To Crazymoons point;  The bargain bags I bought looked exactly like Food Saver brand bags.  I had no visual clue that they were inferior.


----------



## archeryrob (May 4, 2018)

I have been ordering the the same bags also. I also order 6" and 8" bags. The 6" don't seem to work for much except making slicing deer hams and chipped breasts. I have use the 8" and 11" and they work great and the price is good also.

The only thing some people might not like is they won't fit in the food saver bag storage area. You need to save the empty rolls and roll 25' on to an empty roll. You might want to split it up smaller, but I don;t and just deal with it. It packs loosely for me but after using it a little once they fit in the storage areas.

Walmart is selling 2 16' rolls for $11.45 (32')  $.36 a foot
These same bags is 11" and 100' are $17.89 @ $.18 a foot.

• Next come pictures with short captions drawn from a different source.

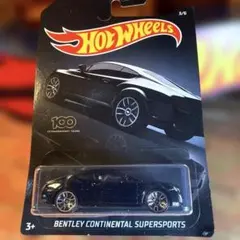 ホットウィール ベントレー コンチネンタル スーパースポーツ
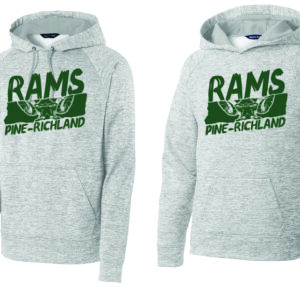 Sport-Tek PosiCharge Electric Heather Fleece Hoodie - Youth, Adult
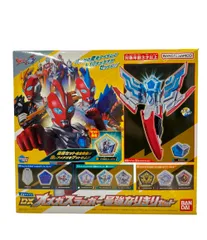 美品 バンダイ ウルトラマン オメガ DXオメガスラッガー 最強なりきりセット 変身アイテム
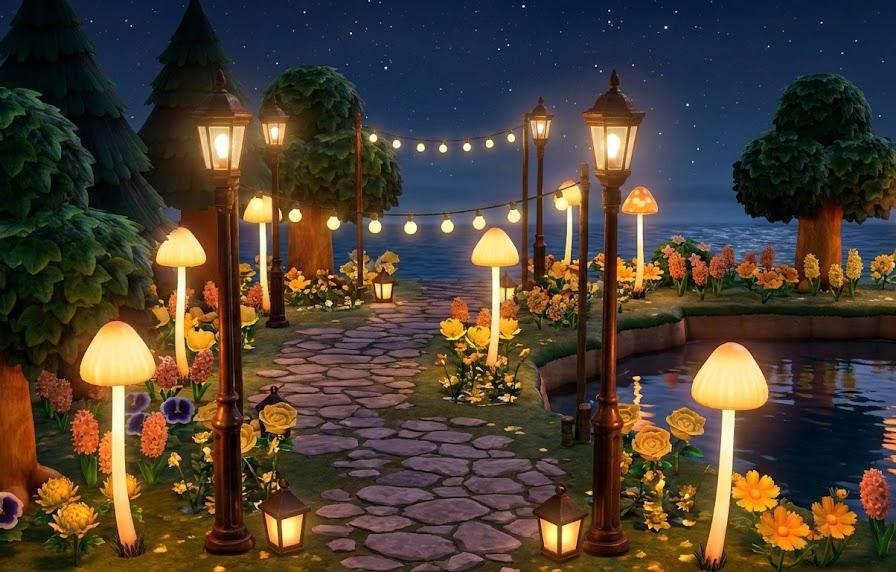 夜の島作りを格上げする！光を活かしたおすすめの家具配置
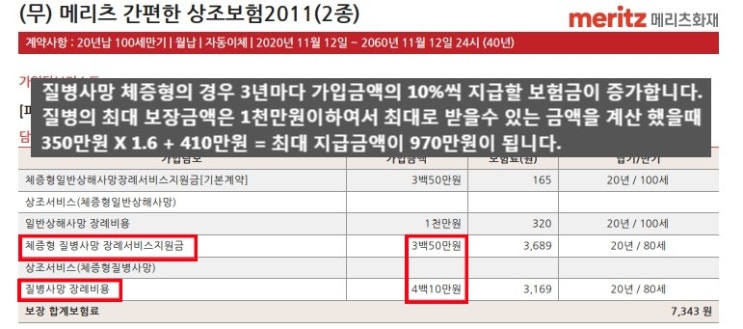  간편한 상조보험 - 상조서비스 선택형
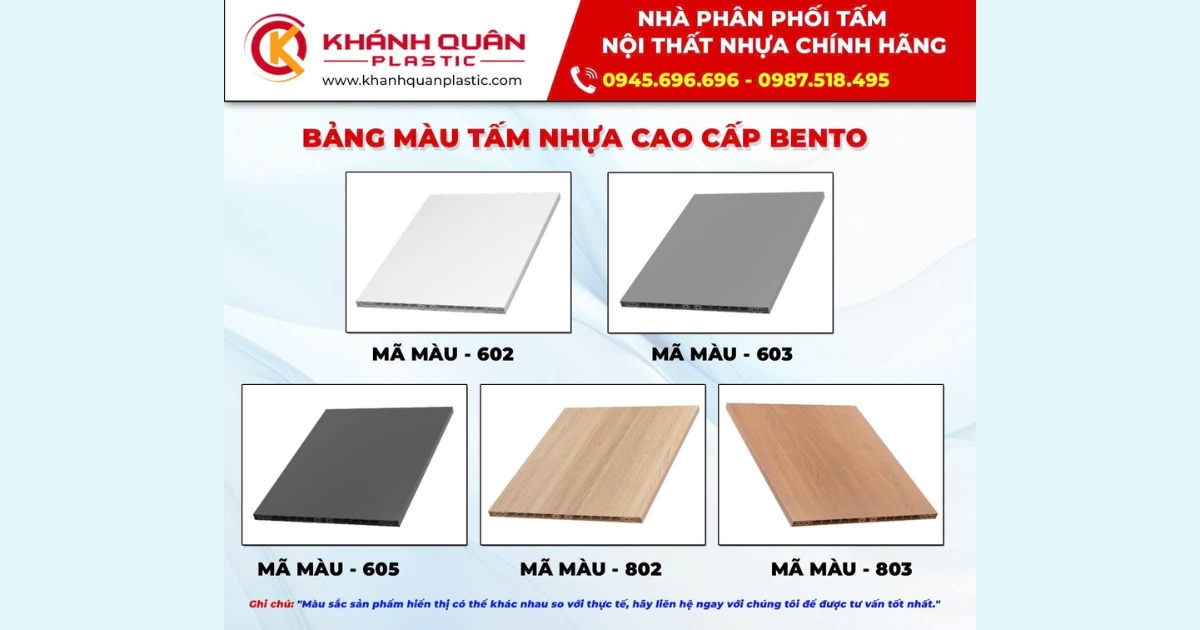 Kho sỉ tấm nhựa Bento khu vực Đông Nam Bộ. Nguồn hàng ổn định, giá tốt, giao nhanh cho TP.HCM và các tỉnh lân cận.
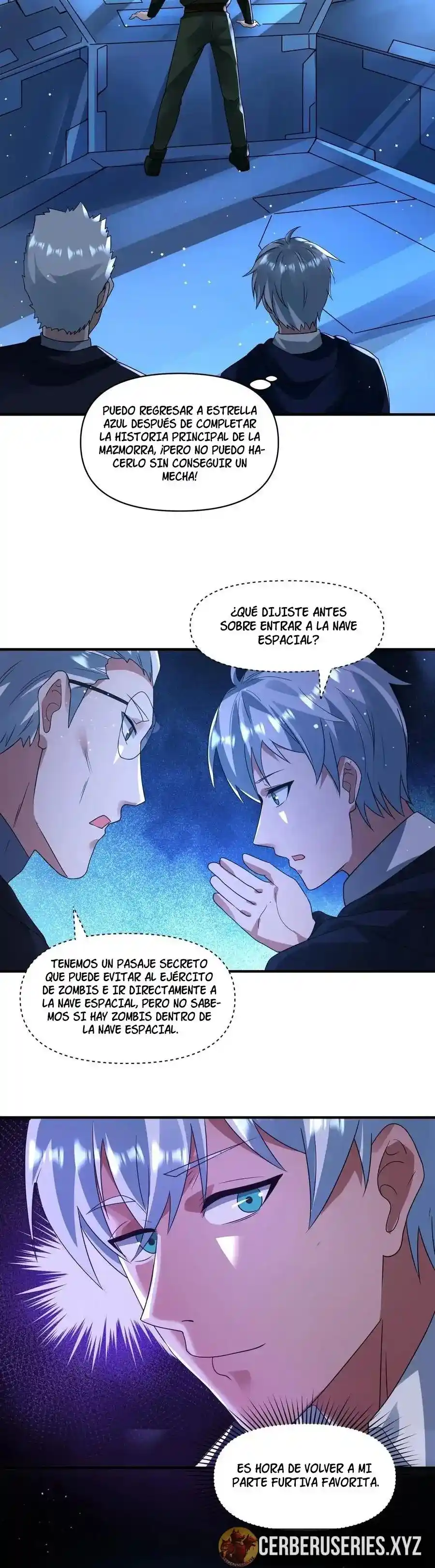 100% De Drop Rate En El Apocalipsis capítulo 340 página 12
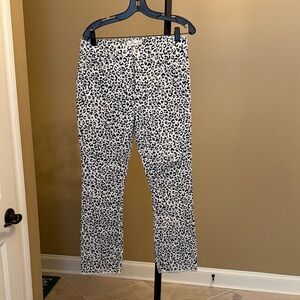 Vineyard Vines Blue and White Patterned Pants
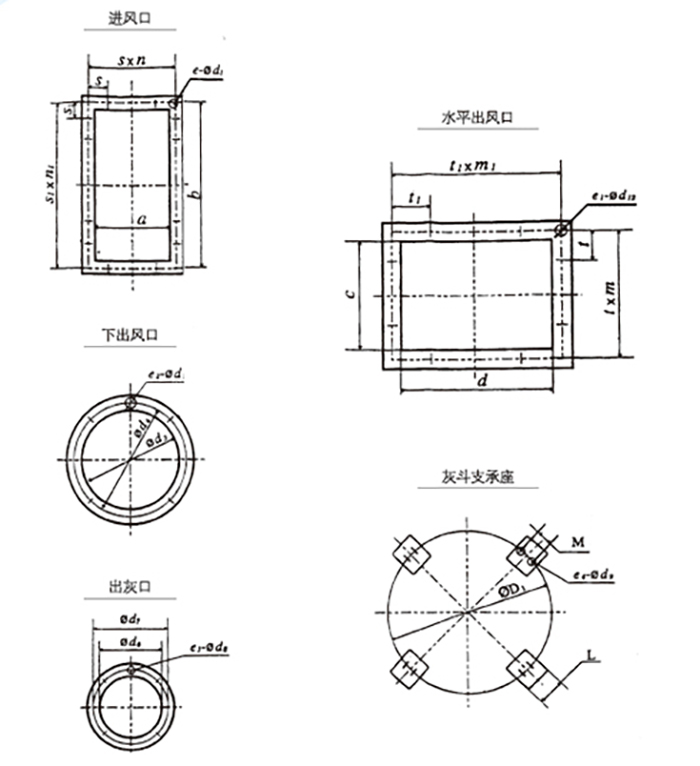 LHF型系列回轉(zhuǎn)反吹袋式除塵器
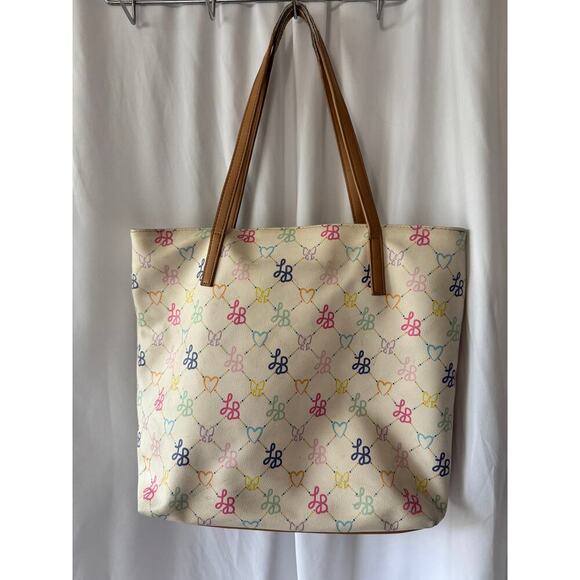 Betsey Johnson Multicolor Logo Tote Bag - Picture 6 of 16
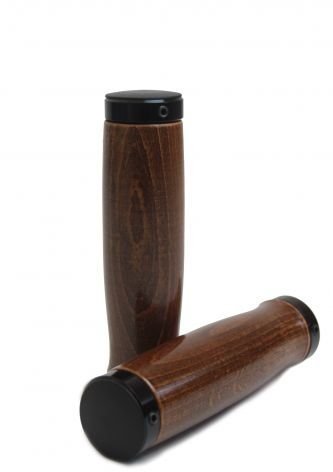 Holzgriffe Classic Hartholz mahagonifarben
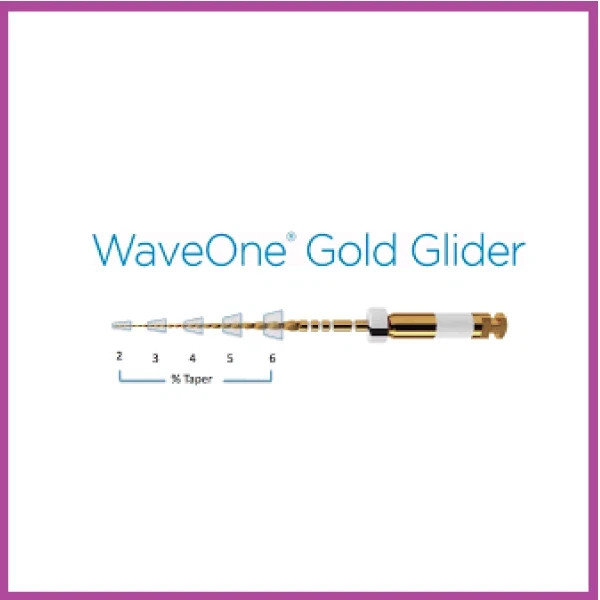 WaveOne Gold Glider RECIPROCATING Glide Path File 3 Files/pk-21, 25, 31mDentsply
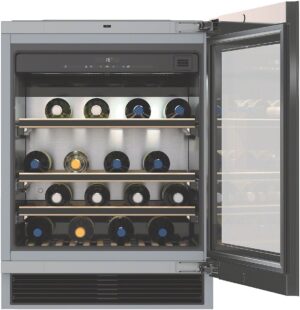 Miele KWT 6312 UGS Unterbau-Weintemperierschrank getönte Glastür/Griffleiste / G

Seems like a no brainer to me.


----------



## HalfSmoked (May 4, 2018)

I buy my bags from Vacuum Sealers Unlimited have had no problems with them Lisa is also a member on the forum. May not be the cheapest bags but then you get what you pay for.

Warren


----------



## yankee2bbq (May 4, 2018)

We buy Zip-lock brand.  Works great.  No problems.  We buy them at Walmart.


----------



## Gwanger (May 4, 2018)

Steve H said:


> Few days ago I went to seal up my latest haul of smoked cheese. Open my last box of food saver rolls And found them useless. They were full of creases and folds. :(
> So, I went on line and found this pack of two rolls of 8" wide by fifty feet each 4mil thick bags for 18.95 with free shipping. The reviews all point to be that this product works very well. The shipping was very fast. Got them in two days. I'll be using them Saturday. Has anyone else tried these?
> 
> 
> ...


I have also found it difficult to use some new food saver bags, the problem was they would not seal, so I started to wrinkle up the top of bag where you would make seal and create some wrinkles in bag and then they work fine.


----------



## Rings Я Us (May 4, 2018)

Bought a box of these the other day. .36¢ a ft. 8"+11" . 1st time ever buying them. Will look for a deal next time.


----------



## SmokinAl (May 4, 2018)

I get mine from Lisa too, the only thing that irks me is her shipping charges. So you have to wait until you have about a $200 order to justify the shipping. The last bunch of bags I got were from https://www.webstaurantstore.com, they have real high quality bags & a lot of other good stuff & most of the time the shipping is free or very minimal.
Al


----------



## old sarge (May 4, 2018)

Wondering if some of the sealing failures can be attributed to needing to replace the heating strip.


----------



## pushok2018 (May 4, 2018)

Steve H,
for last 18 months I use only this, same brand - Food VacBags. Order them on Amazon with free shipping. 6x50 & 8x50. Never had a problem using them with my Weston Pro-2300.


----------